» TASK GOAL
Transcribe, without any change, the line that includes "contra el Chelsea" and all the lines that come after it in the material below.

************

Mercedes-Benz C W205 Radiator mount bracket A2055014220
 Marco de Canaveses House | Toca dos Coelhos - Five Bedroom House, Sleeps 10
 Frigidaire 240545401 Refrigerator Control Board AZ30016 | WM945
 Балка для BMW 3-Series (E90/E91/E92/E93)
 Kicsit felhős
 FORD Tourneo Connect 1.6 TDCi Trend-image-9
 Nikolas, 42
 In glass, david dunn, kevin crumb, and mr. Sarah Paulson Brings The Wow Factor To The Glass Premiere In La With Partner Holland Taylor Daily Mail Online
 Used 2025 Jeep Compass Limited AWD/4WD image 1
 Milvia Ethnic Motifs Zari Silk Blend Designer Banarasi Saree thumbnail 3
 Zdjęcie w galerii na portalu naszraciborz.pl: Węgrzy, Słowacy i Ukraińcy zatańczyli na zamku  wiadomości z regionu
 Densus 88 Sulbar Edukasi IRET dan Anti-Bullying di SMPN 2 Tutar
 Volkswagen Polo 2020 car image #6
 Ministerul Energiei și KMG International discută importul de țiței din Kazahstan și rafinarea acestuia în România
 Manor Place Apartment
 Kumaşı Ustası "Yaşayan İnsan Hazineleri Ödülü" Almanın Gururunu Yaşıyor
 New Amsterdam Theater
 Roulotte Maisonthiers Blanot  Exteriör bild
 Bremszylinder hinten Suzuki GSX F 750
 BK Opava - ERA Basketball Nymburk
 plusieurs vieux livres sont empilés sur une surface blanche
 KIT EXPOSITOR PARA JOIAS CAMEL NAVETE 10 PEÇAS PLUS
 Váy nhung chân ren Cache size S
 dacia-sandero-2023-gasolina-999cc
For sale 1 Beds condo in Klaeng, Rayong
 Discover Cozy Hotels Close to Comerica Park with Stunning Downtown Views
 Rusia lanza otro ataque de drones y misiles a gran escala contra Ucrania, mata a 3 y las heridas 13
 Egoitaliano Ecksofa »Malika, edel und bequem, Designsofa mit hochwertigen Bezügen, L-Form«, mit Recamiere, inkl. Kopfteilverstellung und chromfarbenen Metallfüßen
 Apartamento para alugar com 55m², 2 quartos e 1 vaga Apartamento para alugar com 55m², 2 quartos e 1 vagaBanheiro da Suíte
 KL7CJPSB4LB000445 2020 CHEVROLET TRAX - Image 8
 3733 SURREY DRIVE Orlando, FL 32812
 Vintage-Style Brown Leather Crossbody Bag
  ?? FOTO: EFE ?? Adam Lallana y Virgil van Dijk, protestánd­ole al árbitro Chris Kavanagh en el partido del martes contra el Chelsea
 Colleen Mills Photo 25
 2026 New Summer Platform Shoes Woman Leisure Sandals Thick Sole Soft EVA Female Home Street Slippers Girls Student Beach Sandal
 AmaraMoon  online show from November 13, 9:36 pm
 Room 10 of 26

************

» FINAL ANSWER
  ?? FOTO: EFE ?? Adam Lallana y Virgil van Dijk, protestánd­ole al árbitro Chris Kavanagh en el partido del martes contra el Chelsea
 Colleen Mills Photo 25
 2026 New Summer Platform Shoes Woman Leisure Sandals Thick Sole Soft EVA Female Home Street Slippers Girls Student Beach Sandal
 AmaraMoon  online show from November 13, 9:36 pm
 Room 10 of 26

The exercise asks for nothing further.